THE RECORDS:
========================
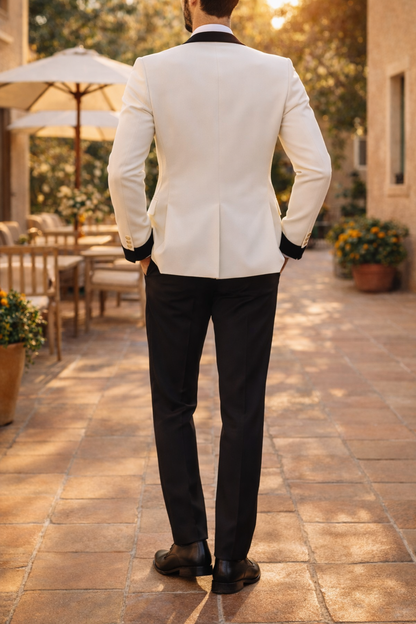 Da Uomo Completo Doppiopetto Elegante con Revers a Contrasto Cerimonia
========================
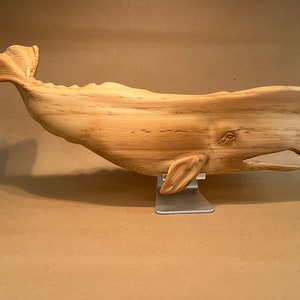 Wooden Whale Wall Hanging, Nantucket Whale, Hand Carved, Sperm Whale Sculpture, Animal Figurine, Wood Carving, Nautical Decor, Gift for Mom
========================
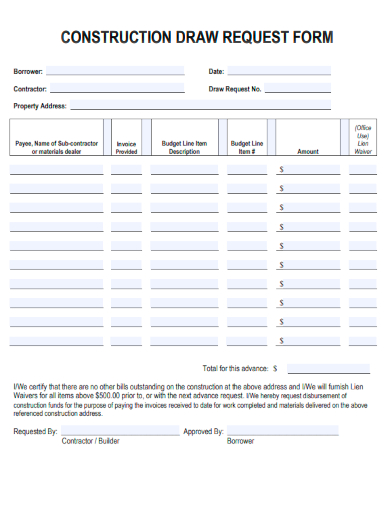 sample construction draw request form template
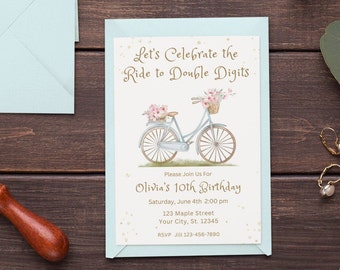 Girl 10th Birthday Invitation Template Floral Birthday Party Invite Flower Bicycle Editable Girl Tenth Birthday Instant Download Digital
========================
THE TASK: In the listing above, find the line holding "sample construction draw" and the line holding "Girl 10th Birthday". Reproduce those two lines and all between them exactly, leaving out pictures.

YOUR SOLUTION:
 sample construction draw request form template
 Girl 10th Birthday Invitation Template Floral Birthday Party Invite Flower Bicycle Editable Girl Tenth Birthday Instant Download Digital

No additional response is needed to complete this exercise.